Stored data:
★ ★ ★ ★ ★
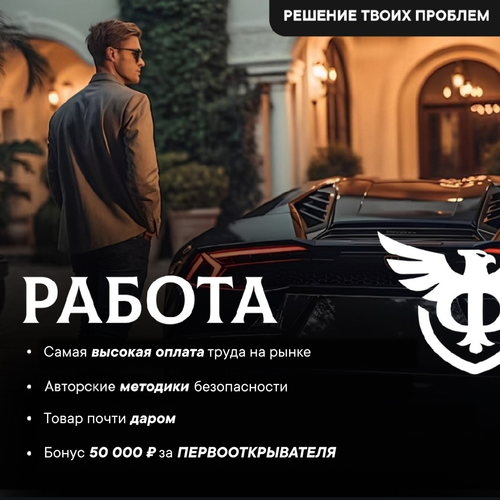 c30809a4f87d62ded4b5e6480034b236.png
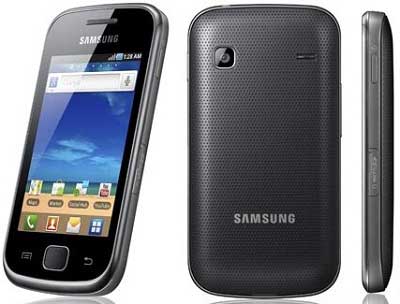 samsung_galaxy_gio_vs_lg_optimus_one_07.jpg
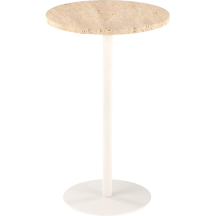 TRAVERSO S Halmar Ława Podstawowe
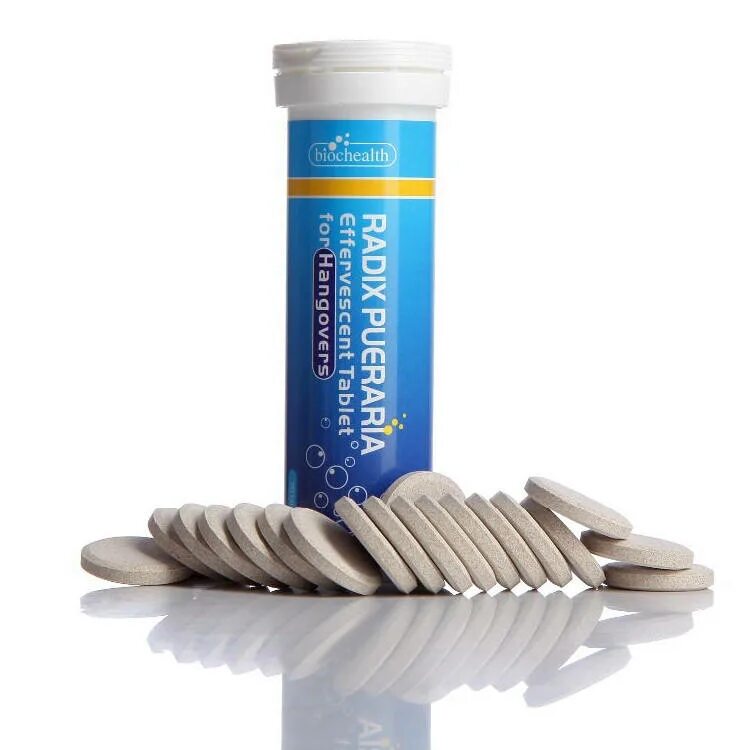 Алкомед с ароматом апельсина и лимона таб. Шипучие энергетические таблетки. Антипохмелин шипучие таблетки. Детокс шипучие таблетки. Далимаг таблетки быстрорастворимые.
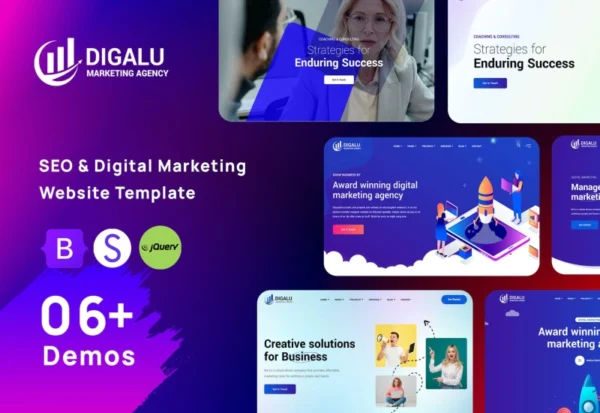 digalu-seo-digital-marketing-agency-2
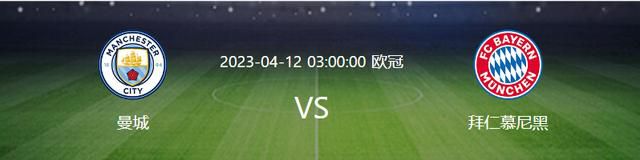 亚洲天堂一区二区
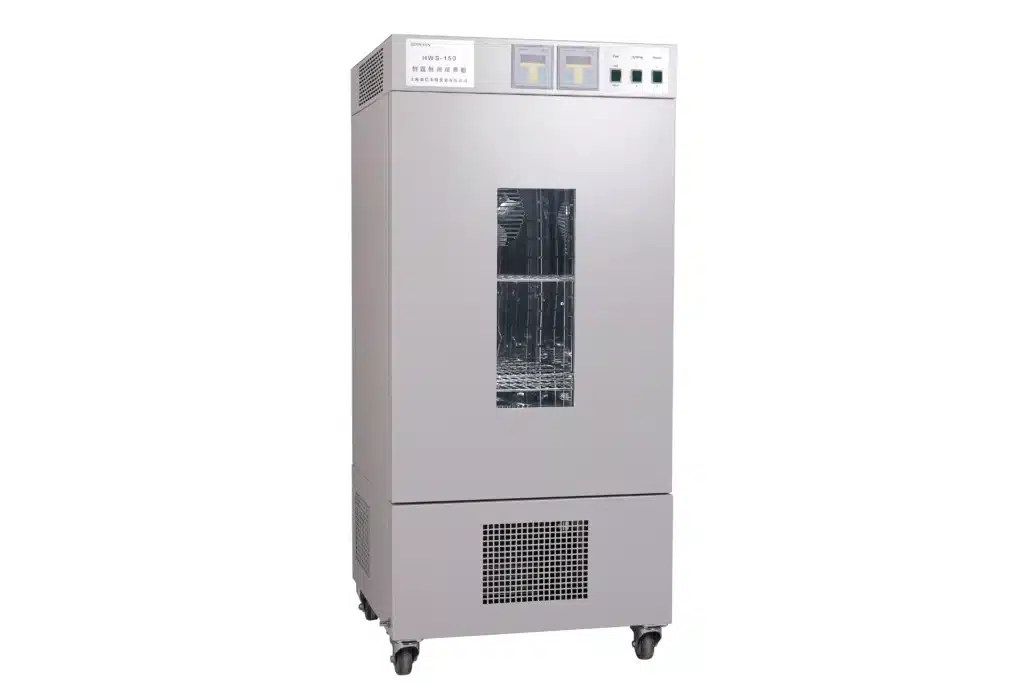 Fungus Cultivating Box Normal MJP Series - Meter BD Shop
★ ★ ★ ★ ★
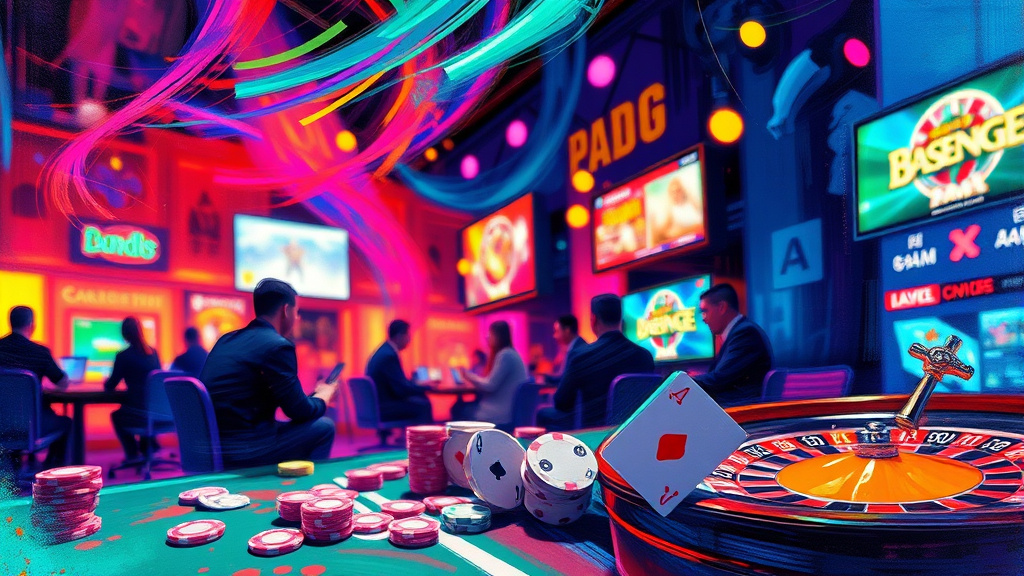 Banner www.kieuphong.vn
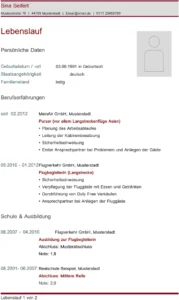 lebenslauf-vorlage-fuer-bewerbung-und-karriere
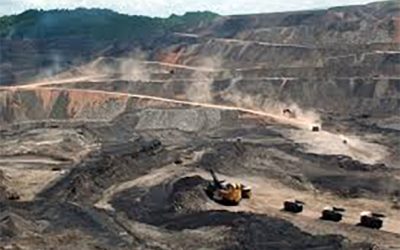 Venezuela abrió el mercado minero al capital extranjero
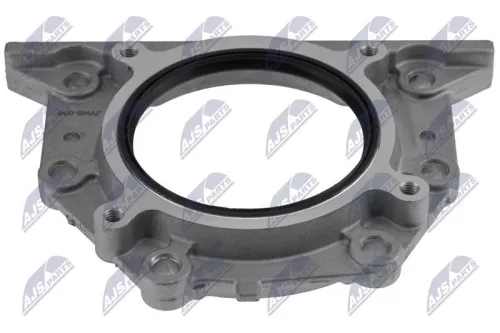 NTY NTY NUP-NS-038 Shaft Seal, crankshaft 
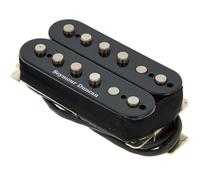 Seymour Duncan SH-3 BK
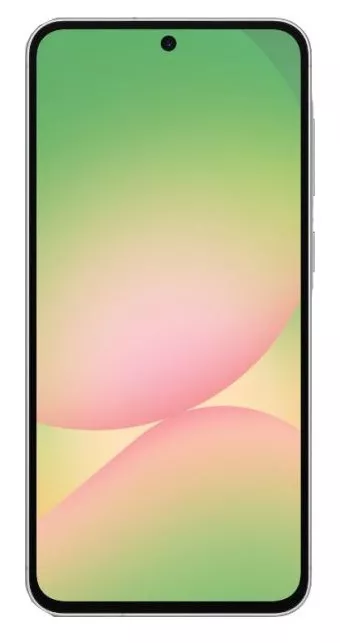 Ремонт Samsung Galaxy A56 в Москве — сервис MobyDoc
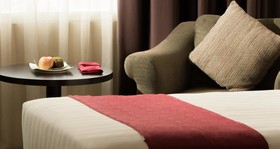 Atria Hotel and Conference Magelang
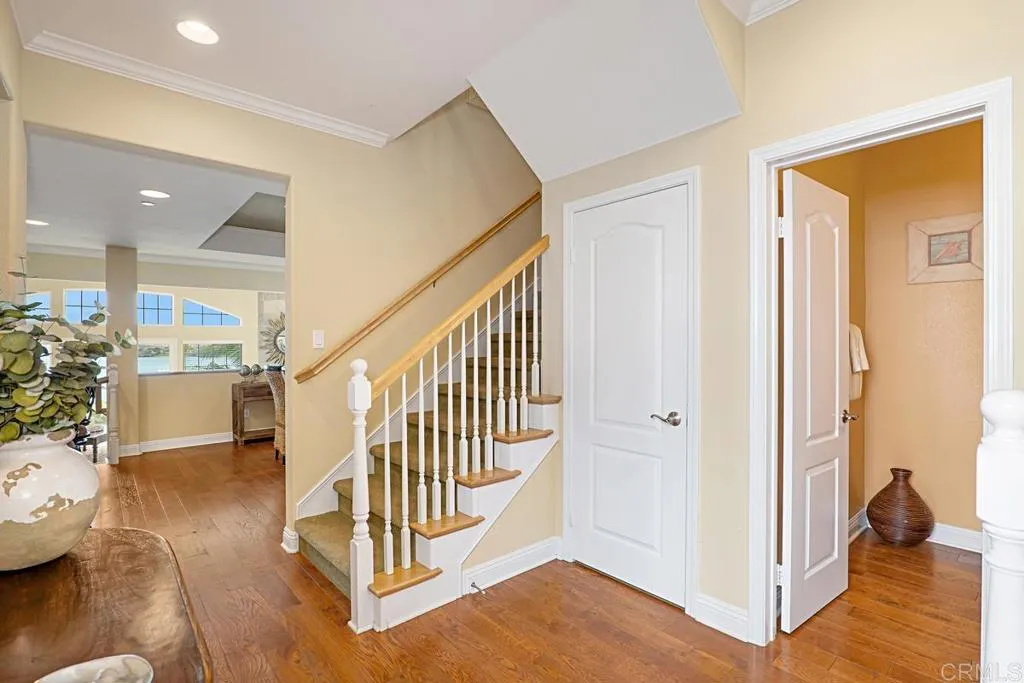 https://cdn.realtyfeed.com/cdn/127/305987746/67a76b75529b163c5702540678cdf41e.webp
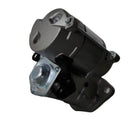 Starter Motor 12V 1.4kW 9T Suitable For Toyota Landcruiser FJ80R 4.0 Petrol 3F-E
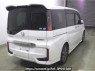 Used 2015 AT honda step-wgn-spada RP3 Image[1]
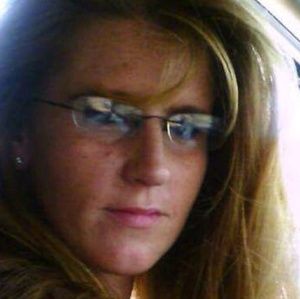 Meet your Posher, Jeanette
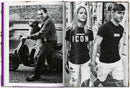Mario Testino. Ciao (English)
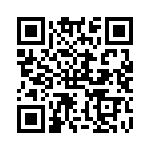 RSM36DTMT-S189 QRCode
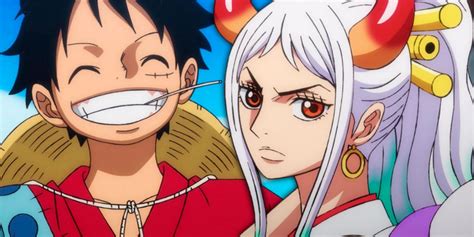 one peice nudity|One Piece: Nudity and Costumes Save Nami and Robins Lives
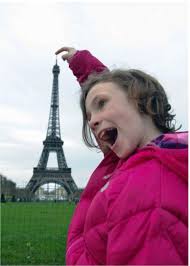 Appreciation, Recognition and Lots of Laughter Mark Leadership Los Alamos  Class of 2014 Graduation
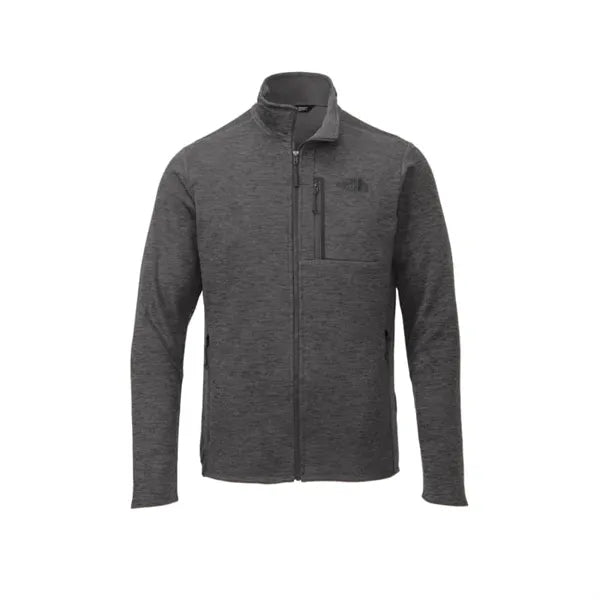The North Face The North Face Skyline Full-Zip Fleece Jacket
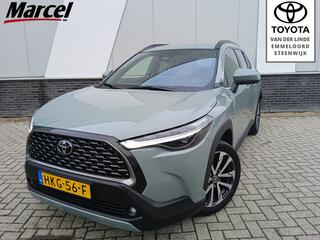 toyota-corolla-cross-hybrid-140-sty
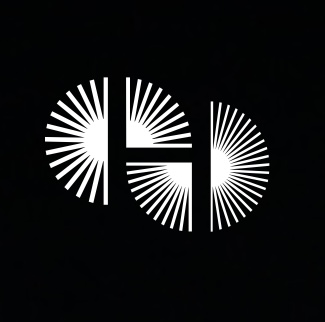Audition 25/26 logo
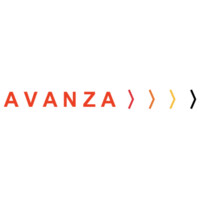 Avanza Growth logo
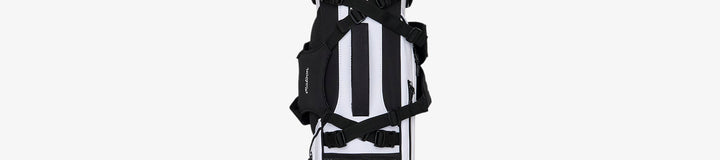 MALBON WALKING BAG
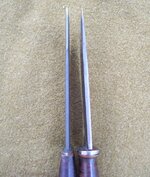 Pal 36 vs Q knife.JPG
★ ★ ★ ★ ★
What the exercise asks: Look above for the line with "Used 2015 AT" and copy exactly from it through the line with "Pal 36 vs Q knife.JPG", both included. Omit the pictures.

Answer to this exercise:
 Used 2015 AT honda step-wgn-spada RP3 Image[1]
 Meet your Posher, Jeanette
Mario Testino. Ciao (English)
 RSM36DTMT-S189 QRCode
 one peice nudity|One Piece: Nudity and Costumes Save Nami and Robins Lives
 Appreciation, Recognition and Lots of Laughter Mark Leadership Los Alamos  Class of 2014 Graduation
The North Face The North Face Skyline Full-Zip Fleece Jacket
 toyota-corolla-cross-hybrid-140-sty
Audition 25/26 logo
 Avanza Growth logo
 MALBON WALKING BAG
 Pal 36 vs Q knife.JPG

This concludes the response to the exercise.